Estimate the probability based on the the 20-year period that the lower basin allocation will not be met if upper basin allocation is satisfied. Estimate the probability that the allocation will not be met using the entire data set if the upper basin allocation is satisfied.

Next assume that lower basin is satisfied first (this is the historical result of the original and subsequent treaties). Estimate the probability that the upper basin allocation will not be met. Determine an upper basin allocation that will be met 95% of the time. Again use the 20 year initial record, then the entire record.

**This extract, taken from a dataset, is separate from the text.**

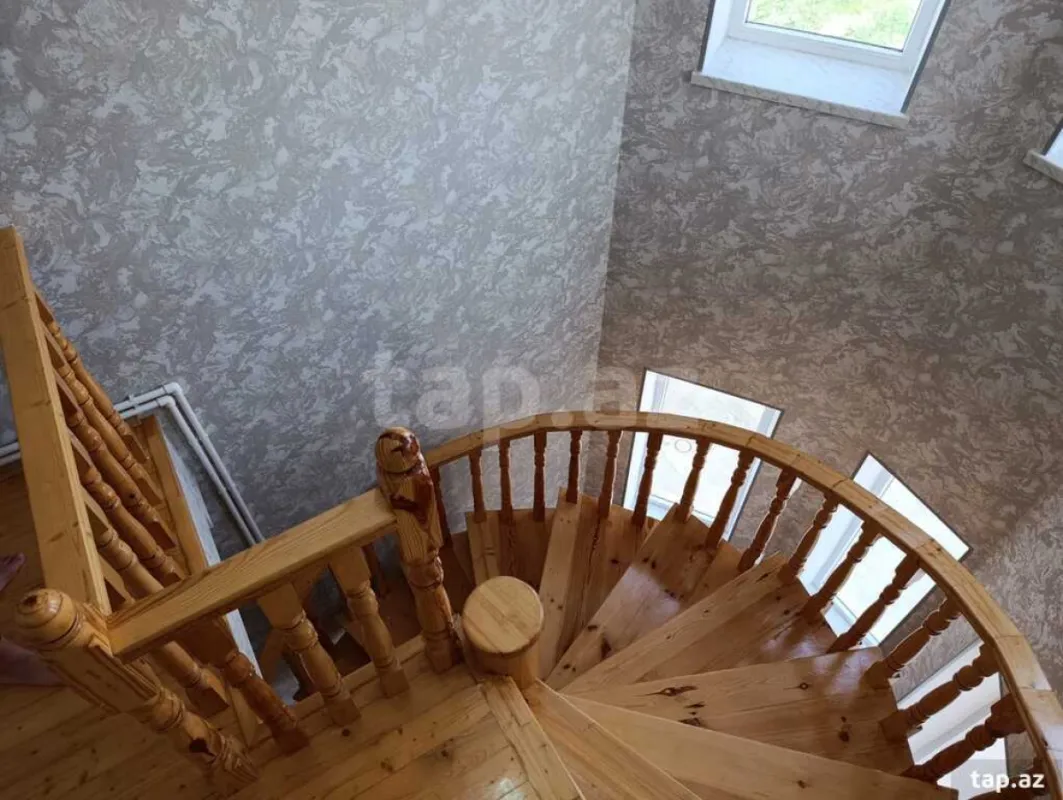 Satılır 5 otaqlı həyət evi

After these exploratory analyses decide if the basin allocations reasonable in the context of the flows that actually occured after the Compact was in effect? That is was the initial 20 year period sufficiently different from the later data that the Compact authors made decisions based on unusually high or low flows?

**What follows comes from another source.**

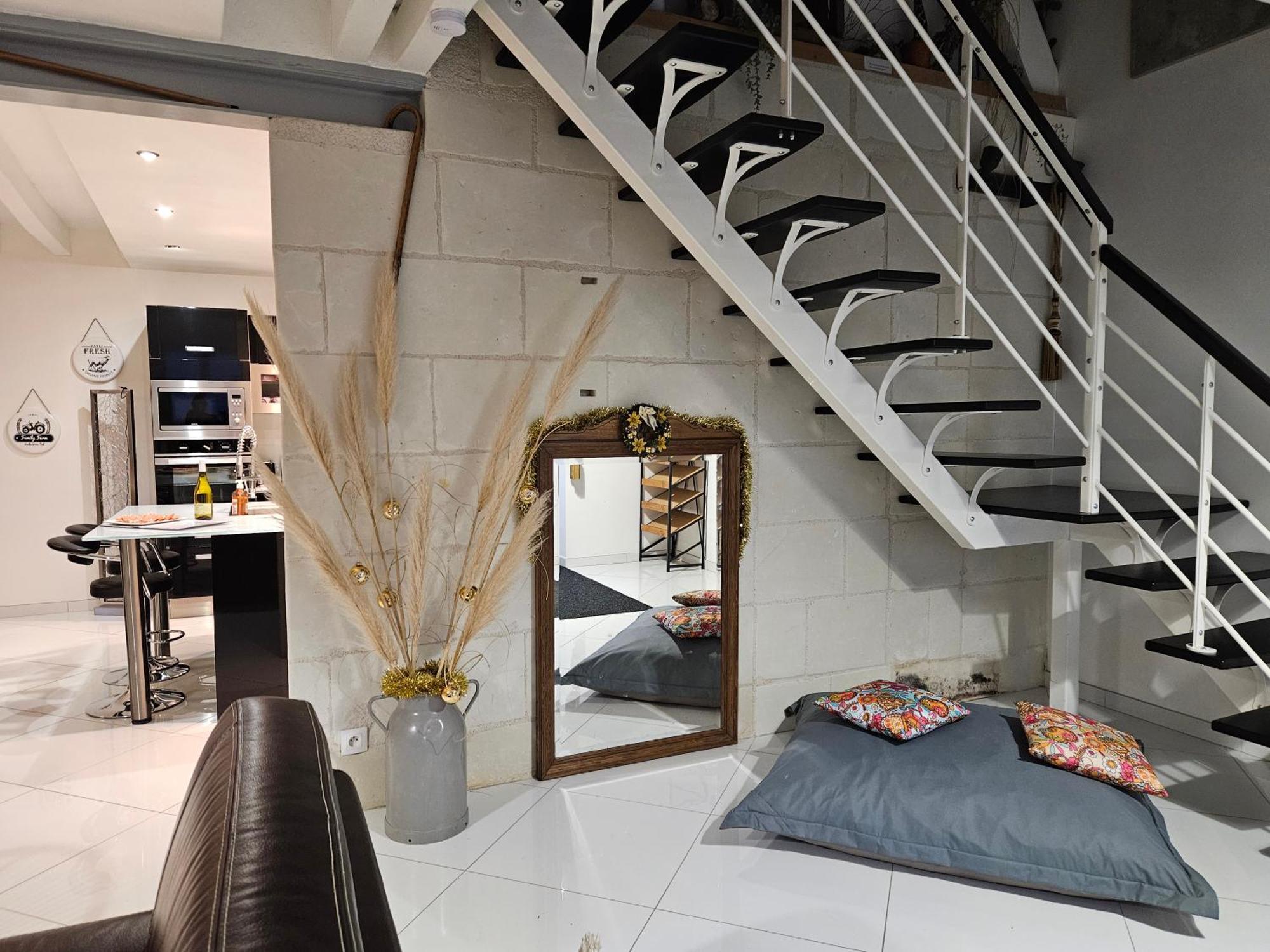 Comme A La Maison Couffy Extérieur photo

remote_webroot="http://54.243.252.9/engr-1330-webroot/8-Labs/Lab16/"  # set the webroot
remote_url=remote_webroot+"colorado.txt"
rget = requests.get(remote_url, allow_redirects=True)  # get the remote resource, follow imbedded links
open('colorado.txt','wb').write(rget.content) # extract from the remote the contents, assign to a local file same name

1571

colorado_df = pd.read_table("colorado.txt") # Read the file as a table assign to a dataframe 
colorado_df.plot.line(x='YEAR', y='ANNUAL.VOLUME')
colorado_df.describe()

We can kind of use the description to answer our questions.
Estimate the probability based on the the 20-year period that the lower basin allocation will not be met if upper basin allocation is satisfied

First filter the data

junkdf = colorado_df[colorado_df['YEAR'] <= 1927] # screen by year
junkdf.plot.line(x='YEAR', y='ANNUAL.VOLUME') # plot the first 22 years
junkdf.describe()

Then observe that the minimum is 12 million, so the upper basin's 7.5 million is satisfied all 22 years (yay for the upstreamers!) If the downstreamers get their allocation the total in the river needs to be 15 million, so the question is what fraction of observations is less than 15 million, that fraction is an estimate of the probability downstreamers won't get their water.

result1 = junkdf.count()
result2 = junkdf[junkdf['ANNUAL.VOLUME'] < 15.0E6].count()
print ('Probability Downstreamers Wont Get their Agua =%.3f' % (result2[0]/result1[0]))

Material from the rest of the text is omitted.